Retail sales dived by twice the expected rate in May as consumers cut their spending on clothes and other non-food items to pay for higher petrol prices as the difficult economic outlook kept consumers away from the high street.

Sales volumes dropped 1.4%, more than reversing the 1.1% increase in April that was mainly attributed to the royal wedding and unseasonally warm weather.

The slump in retail sales in May does not bode well for GDP growth in the second quarter and further increases the chances that the Bank of England will delay raising interest rates until 2012.

Another report in the Daily Telegraph details various economists' reaction to the ONS data. For example, Vicky Redwood at Capital economics says: "May's sharp drop in the official measure of UK retail sales provides further evidence that April's pick-up in high street spending was just a temporary reflection of the warm weather, Royal Wedding and extra bank holiday … accordingly, the underlying trend in sales over the past several months still looks broadly flat at best."

The ONS said that food and fuel now accounted for more than half of all spending, adds a BBC report.

However, the ONS said that May's figures showed consumers were now cutting back because of the tough economic climate, worries about rising fuel prices and job uncertainty.

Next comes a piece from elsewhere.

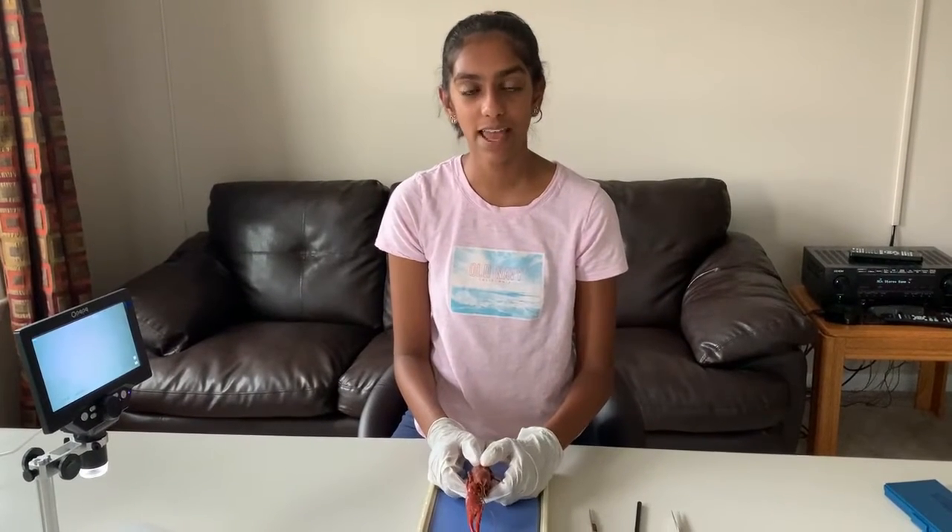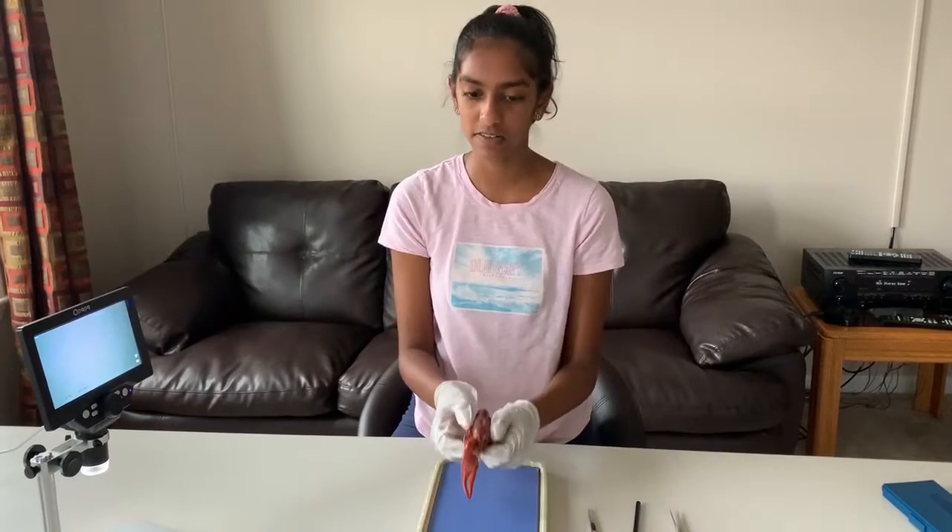Hi everyone, welcome back to another dissection video. Today I will be dissecting a crayfish.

Food expenditure was down 3.5% in May, and this was the biggest monthly decline in food store sales since June 2008, says the BBC report.

The figures chimed with warnings from major food retailers earlier in the week, says the report. Tesco had said that UK sales were subdued, blaming high fuel costs and the "cautious consumer environment", while Sainsbury's also warned that rising fuel costs were reducing the amount of money people had available to spend.

Guy Walker, equity analyst at Schroders, says: "The slump isn't a surprise although it is a shock to see food sales are weak – this is quite unusual. People are being squeezed with high fuel prices and being more economical. This will most likely mean recovery is sluggish."  

Simon Ward, chief economist at Hendersons, adds: "You could argue that the weakness in real spending is due to the Bank of England failing to control inflation, rather than a justification for it to continue to keep rates at rock bottom levels." However, he is sceptical that the consumer is a cause of major concern in economic recovery.